In general, tape has been selected as the ultimate storage medium for media, and LTFS is the foundation on which solutions from all tape vendors are providing solutions. Wikibon expects there to be significant amounts of ISV integration with tape systems that provide support for a multi-tier storage system. While market revenues are not likely to sustain dramatic growth, like the mainframe market of the 1990's, we expect tape will reach an equilibrium and, as its uses expand, it will continue to provide good profit opportunities for a select group of suppliers. This is critical as it ensures a continued R&D pipeline.
Tape vs. Disk Technology & Cost Projections
Flash has had a major impact on the investment of disk systems. Investment in high performance HDDs (10K and 15K disks) has been very significantly reduced.
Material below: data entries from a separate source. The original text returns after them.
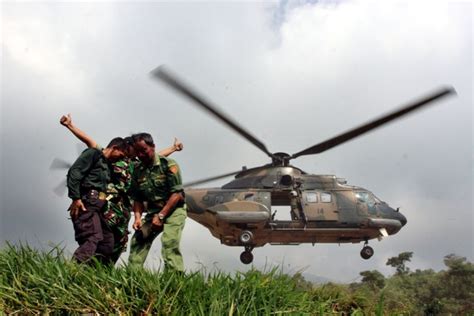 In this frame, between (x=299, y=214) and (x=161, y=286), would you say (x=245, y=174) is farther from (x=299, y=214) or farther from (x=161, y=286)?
(x=161, y=286)

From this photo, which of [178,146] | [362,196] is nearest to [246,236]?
[362,196]

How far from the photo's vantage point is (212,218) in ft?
43.7

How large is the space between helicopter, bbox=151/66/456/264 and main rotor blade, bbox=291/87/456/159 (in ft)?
1.54

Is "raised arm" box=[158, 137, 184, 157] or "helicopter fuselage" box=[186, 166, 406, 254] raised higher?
"helicopter fuselage" box=[186, 166, 406, 254]

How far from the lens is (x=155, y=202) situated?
15.8 feet

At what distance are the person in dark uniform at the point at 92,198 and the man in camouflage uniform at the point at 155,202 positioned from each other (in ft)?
0.85

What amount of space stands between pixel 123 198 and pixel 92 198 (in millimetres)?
489

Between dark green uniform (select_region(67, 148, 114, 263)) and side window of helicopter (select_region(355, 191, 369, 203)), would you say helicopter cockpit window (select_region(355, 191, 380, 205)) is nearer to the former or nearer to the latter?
side window of helicopter (select_region(355, 191, 369, 203))

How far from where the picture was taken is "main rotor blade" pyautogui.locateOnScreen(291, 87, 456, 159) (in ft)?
29.4

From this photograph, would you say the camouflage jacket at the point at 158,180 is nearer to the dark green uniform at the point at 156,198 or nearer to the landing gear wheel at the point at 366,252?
the dark green uniform at the point at 156,198

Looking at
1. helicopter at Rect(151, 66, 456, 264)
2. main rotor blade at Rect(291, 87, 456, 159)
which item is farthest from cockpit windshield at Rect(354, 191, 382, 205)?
main rotor blade at Rect(291, 87, 456, 159)

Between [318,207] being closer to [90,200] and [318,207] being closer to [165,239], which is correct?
[165,239]

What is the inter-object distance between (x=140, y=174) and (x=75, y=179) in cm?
66

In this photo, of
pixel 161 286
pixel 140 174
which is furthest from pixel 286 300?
pixel 140 174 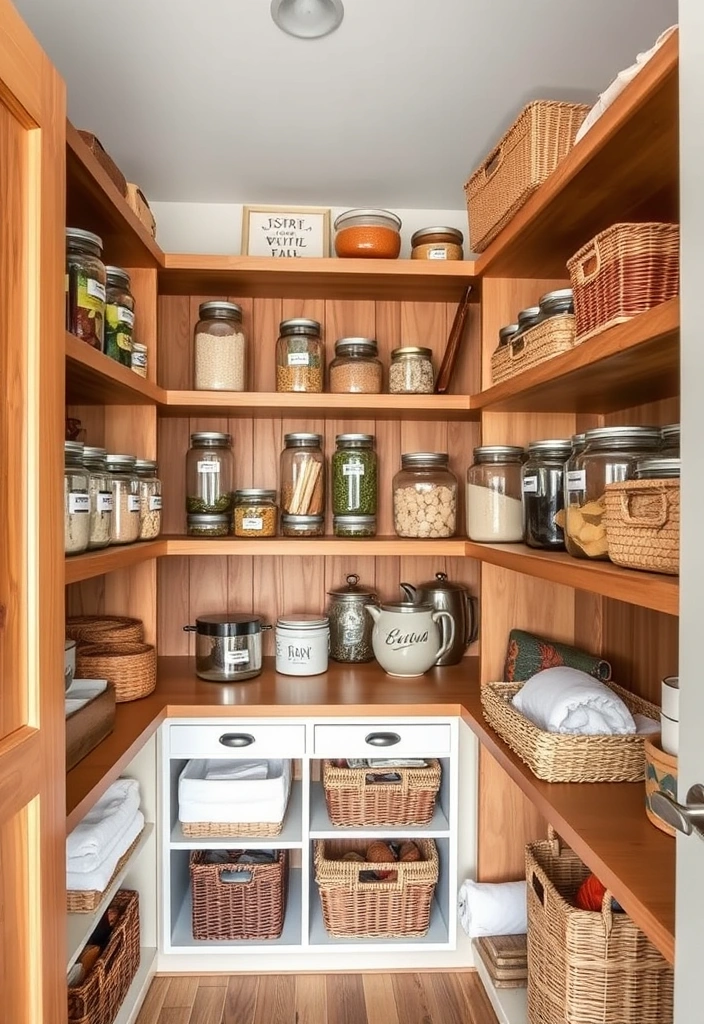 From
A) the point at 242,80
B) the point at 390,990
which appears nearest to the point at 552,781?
the point at 390,990

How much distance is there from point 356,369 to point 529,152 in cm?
74

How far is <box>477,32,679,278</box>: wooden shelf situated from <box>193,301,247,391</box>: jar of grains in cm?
70

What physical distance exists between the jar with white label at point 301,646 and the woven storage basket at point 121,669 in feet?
1.24

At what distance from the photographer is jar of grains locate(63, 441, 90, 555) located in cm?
131

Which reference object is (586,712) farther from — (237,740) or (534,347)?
(237,740)

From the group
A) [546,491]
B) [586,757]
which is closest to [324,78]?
[546,491]

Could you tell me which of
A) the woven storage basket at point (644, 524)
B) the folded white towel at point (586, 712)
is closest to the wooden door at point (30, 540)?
the woven storage basket at point (644, 524)

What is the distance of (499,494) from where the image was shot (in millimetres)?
1768

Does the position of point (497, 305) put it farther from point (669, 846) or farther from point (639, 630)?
point (669, 846)

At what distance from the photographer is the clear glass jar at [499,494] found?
1755mm

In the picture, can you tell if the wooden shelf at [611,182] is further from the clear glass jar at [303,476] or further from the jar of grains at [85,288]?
the jar of grains at [85,288]

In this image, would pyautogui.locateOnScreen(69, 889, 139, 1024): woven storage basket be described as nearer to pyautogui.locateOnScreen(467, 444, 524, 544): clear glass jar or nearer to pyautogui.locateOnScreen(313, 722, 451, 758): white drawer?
pyautogui.locateOnScreen(313, 722, 451, 758): white drawer

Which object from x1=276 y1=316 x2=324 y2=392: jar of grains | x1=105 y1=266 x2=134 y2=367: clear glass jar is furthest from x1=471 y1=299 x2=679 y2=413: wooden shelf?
x1=105 y1=266 x2=134 y2=367: clear glass jar

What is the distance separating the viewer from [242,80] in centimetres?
161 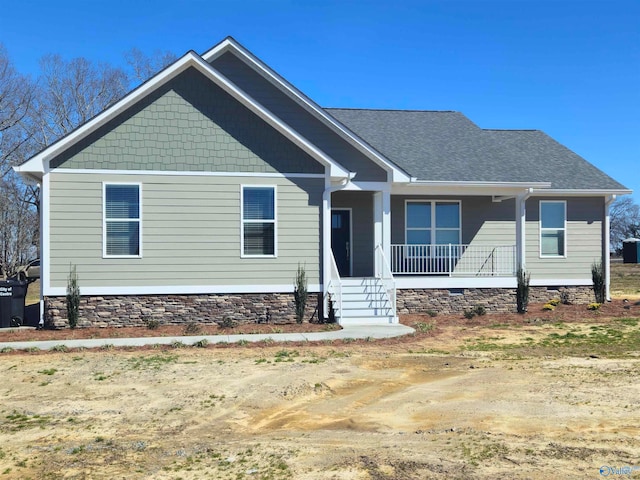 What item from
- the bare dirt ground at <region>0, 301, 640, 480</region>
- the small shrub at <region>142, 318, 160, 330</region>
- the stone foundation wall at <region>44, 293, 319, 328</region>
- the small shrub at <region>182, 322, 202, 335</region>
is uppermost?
the stone foundation wall at <region>44, 293, 319, 328</region>

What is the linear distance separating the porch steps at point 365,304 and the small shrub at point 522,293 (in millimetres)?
4305

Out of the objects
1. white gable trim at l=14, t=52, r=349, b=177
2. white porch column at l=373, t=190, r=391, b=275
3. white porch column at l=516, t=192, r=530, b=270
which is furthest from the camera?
white porch column at l=516, t=192, r=530, b=270

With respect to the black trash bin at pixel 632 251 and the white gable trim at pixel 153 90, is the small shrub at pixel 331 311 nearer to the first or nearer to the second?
the white gable trim at pixel 153 90

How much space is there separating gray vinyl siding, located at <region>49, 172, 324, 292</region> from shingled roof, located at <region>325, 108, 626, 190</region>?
4539mm

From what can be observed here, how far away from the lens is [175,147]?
48.1ft

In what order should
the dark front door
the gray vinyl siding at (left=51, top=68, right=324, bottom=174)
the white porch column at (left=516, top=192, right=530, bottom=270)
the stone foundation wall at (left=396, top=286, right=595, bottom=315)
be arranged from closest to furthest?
the gray vinyl siding at (left=51, top=68, right=324, bottom=174), the stone foundation wall at (left=396, top=286, right=595, bottom=315), the white porch column at (left=516, top=192, right=530, bottom=270), the dark front door

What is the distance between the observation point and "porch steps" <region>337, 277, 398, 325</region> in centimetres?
1500

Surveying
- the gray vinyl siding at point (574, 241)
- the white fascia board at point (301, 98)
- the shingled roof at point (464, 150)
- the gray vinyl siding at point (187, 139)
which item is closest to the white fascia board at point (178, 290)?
the gray vinyl siding at point (187, 139)

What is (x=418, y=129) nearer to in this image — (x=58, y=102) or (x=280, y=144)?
(x=280, y=144)

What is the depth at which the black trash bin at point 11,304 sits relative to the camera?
14.2 m

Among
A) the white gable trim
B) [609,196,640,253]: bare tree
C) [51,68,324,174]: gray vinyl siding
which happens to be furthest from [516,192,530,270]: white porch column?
[609,196,640,253]: bare tree

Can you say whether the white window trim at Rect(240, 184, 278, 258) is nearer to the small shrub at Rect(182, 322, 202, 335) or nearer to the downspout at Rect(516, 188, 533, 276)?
the small shrub at Rect(182, 322, 202, 335)

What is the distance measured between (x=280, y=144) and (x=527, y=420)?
1009 cm

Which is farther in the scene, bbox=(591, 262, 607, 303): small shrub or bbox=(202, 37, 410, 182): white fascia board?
bbox=(591, 262, 607, 303): small shrub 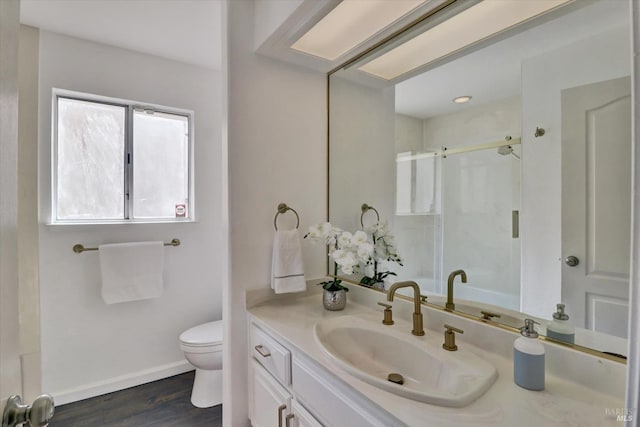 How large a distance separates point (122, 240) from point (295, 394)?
Answer: 1732mm

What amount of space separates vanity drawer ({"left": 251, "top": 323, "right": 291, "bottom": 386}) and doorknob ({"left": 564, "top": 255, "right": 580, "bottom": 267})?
0.98 meters

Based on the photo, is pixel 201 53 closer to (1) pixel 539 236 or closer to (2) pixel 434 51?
(2) pixel 434 51

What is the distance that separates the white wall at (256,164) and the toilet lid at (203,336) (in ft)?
1.58

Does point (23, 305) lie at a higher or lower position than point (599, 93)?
lower

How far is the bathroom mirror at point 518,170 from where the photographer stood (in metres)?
0.83

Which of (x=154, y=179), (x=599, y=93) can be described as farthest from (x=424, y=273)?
(x=154, y=179)

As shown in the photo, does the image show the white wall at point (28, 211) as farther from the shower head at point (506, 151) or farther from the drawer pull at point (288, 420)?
the shower head at point (506, 151)

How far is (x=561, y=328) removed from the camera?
2.89 ft

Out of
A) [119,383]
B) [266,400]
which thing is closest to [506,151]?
[266,400]

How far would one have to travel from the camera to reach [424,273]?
52.7 inches

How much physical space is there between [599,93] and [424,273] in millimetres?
849

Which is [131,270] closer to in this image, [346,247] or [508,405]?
[346,247]

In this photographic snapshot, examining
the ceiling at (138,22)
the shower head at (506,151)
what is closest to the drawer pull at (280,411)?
the shower head at (506,151)

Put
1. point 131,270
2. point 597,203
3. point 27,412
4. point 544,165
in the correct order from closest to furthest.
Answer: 1. point 27,412
2. point 597,203
3. point 544,165
4. point 131,270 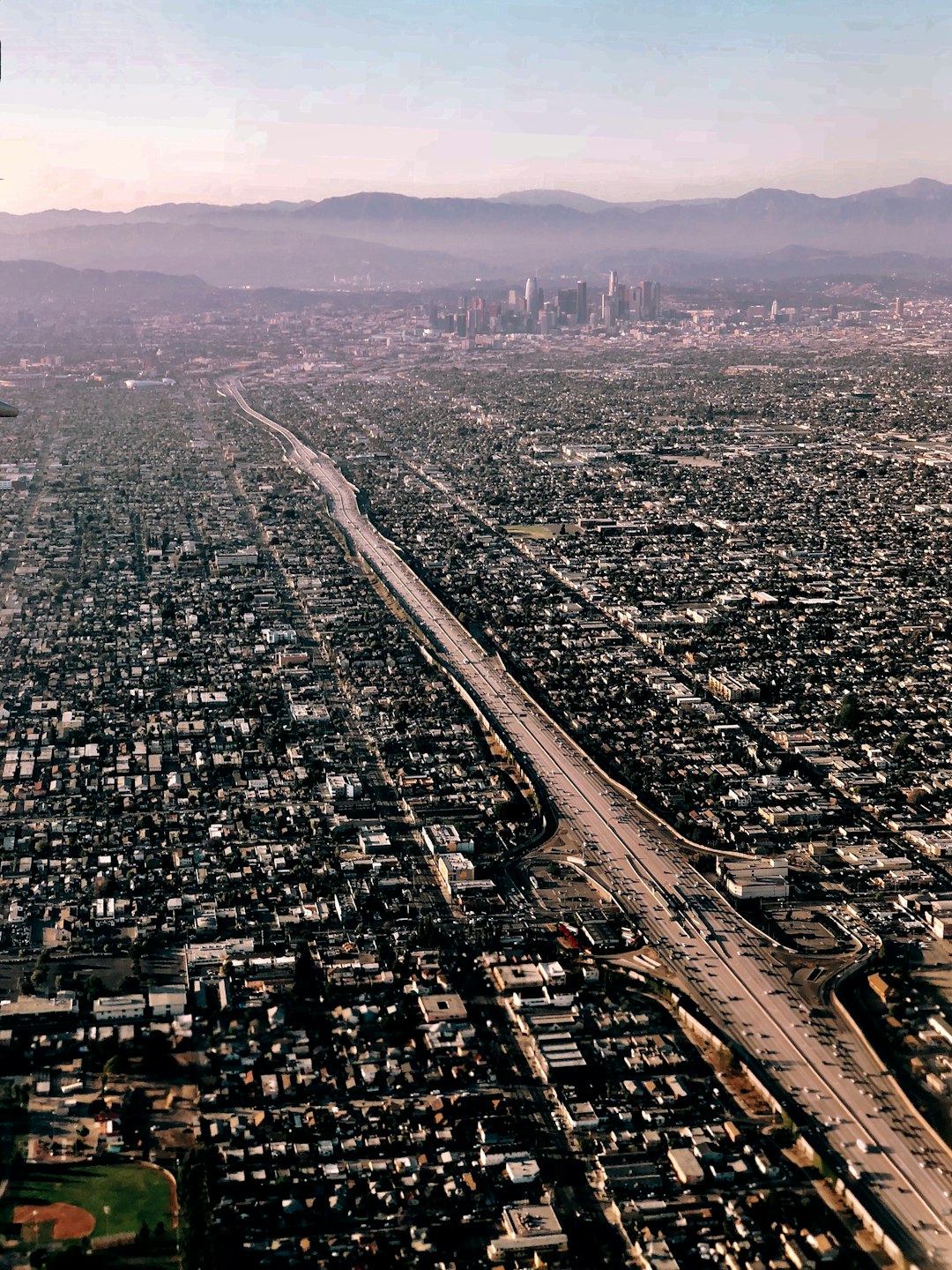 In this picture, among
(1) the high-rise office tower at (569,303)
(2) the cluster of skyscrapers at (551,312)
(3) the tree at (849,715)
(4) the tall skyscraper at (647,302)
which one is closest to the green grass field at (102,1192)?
(3) the tree at (849,715)

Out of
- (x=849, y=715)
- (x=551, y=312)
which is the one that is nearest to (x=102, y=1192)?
(x=849, y=715)

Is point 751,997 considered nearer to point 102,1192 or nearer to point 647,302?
point 102,1192

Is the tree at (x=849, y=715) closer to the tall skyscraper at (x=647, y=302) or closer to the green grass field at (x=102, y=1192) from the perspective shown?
the green grass field at (x=102, y=1192)

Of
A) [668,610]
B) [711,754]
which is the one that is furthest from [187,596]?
[711,754]

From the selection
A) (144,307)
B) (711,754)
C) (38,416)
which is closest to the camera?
(711,754)

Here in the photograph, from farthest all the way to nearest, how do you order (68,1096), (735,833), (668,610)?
1. (668,610)
2. (735,833)
3. (68,1096)

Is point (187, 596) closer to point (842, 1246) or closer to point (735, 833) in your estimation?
point (735, 833) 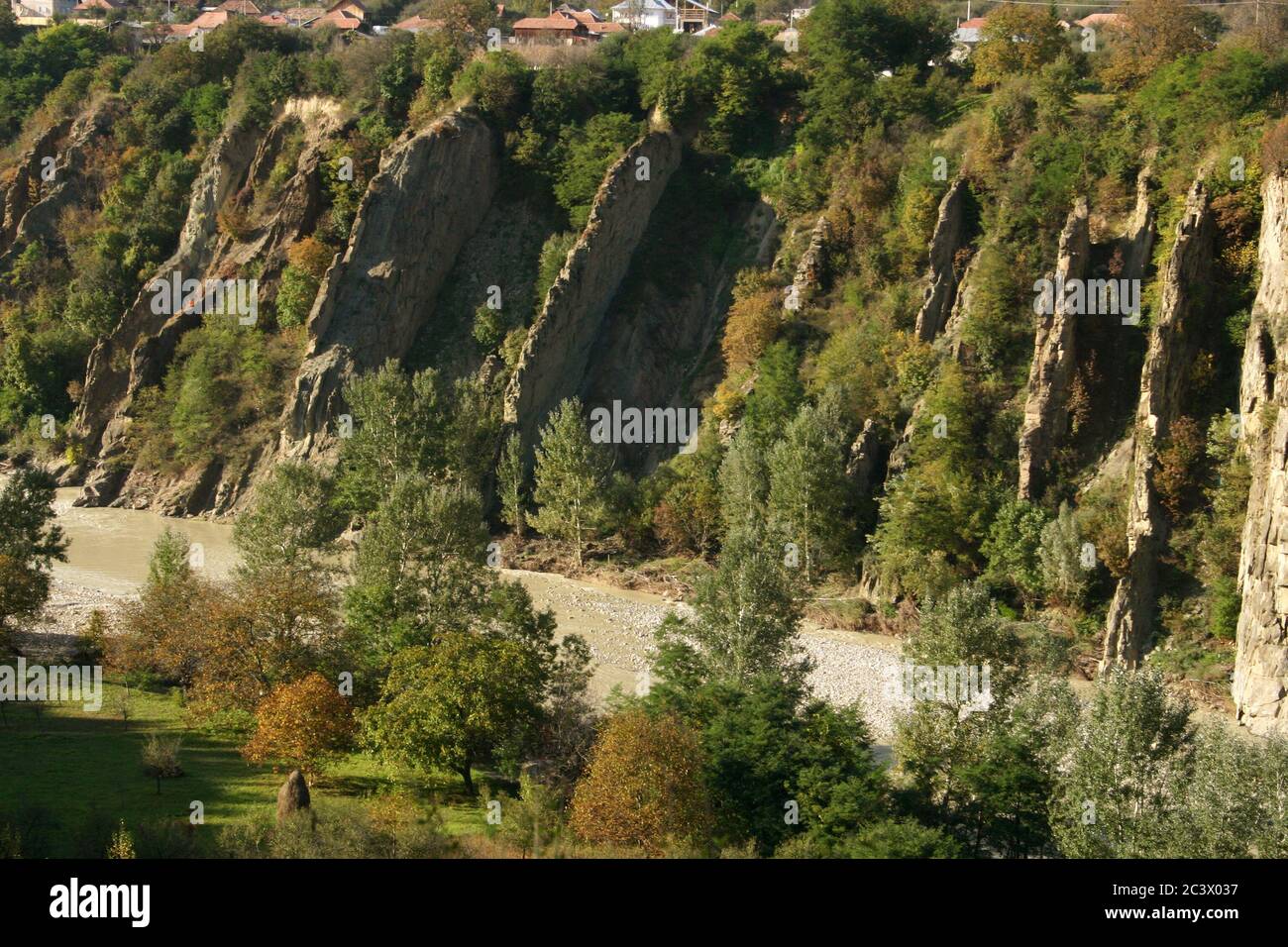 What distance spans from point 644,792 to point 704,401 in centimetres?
2524

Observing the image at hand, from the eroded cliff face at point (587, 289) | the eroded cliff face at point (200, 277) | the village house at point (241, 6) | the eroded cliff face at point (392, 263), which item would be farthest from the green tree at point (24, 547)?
the village house at point (241, 6)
This type of disk is being replace by SSDs in both PCs and enterprise systems. The major disk technologies that have investment dollars available are high density slower disks. These will provide the large market for data "tubs" for PCs and enterprises data centers as active data migrates to semi-active data, with most of the metadata of such systems still remaining on flash storage.
Wikibon expects that tape cartridge storage density will grow significantly faster than disk storage density, and the bandwidth for ingestion and retrieval from tape will grow much faster for tape drives rather than disk drives. As semi-active data migrates to archive and non-active data, LTFS tape systems offer the lowest cost of long-term and short-term retention. Over the next decade, many installations will eventually migrate to a flash/tape integrated system with a minimum of disk drive technologies (a concept Wikibon has dubbed "Flape").
Action Item: Modern LTFS tape systems are more reliable than disk; have and will continue to demonstrate higher read/write bandwidth than disk; and have and will continue to deliver much higher density than disk. Modern tape systems when properly compared with disk systems are lower in CAPEX and OPEX for low and very low activity data. Tape is and will increasingly be the natural technology for low and very low activity data, where the access time for data is not critical and can be in seconds rather than milliseconds. A truck-full of tape cartridges is the black hole of storage technology, with by far the highest density of data, highest bandwidth and lowest cost of data movement. Applications that exploit LTFS are rolling out across different business segments, with media, archive and oil/gas in the lead. Tape technologies will exploit flash for metadata, and integrate with flash and disk systems as a natural component of enterprise and cloud storage infrastructure. The bottom line is IT organizations and cloud service providers should integrate tape as a fundamental component of IT-as-a-Service and cloud strategies to offer the most cost effective and reliable deep archive, compliance and last resort, offsite disaster recovery capabilities.